TASK ITEM = Repeat the data word for word. Do not include the pictures.

DATA SECTION =
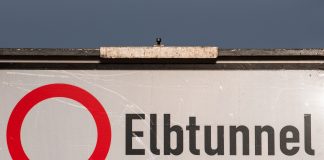 Ein Verkehrsschild mit der Aufschrift Elbtunnel. Foto: Daniel Bockwoldt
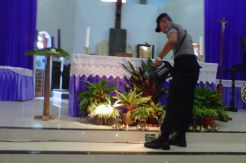 Tim Gegana Sterilkan Gereja di Kulon Progo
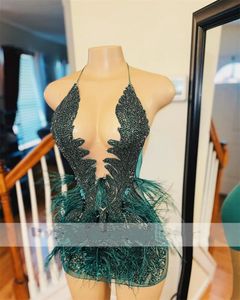 Hunter Sparkly Sexy Green Diamonds Short Prom Dress Glitter Crystals Rhinestone Beading Feathers Homecoming Tail Party Wear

OUTPUT =
 Ein Verkehrsschild mit der Aufschrift Elbtunnel. Foto: Daniel Bockwoldt
 Tim Gegana Sterilkan Gereja di Kulon Progo
 Hunter Sparkly Sexy Green Diamonds Short Prom Dress Glitter Crystals Rhinestone Beading Feathers Homecoming Tail Party Wear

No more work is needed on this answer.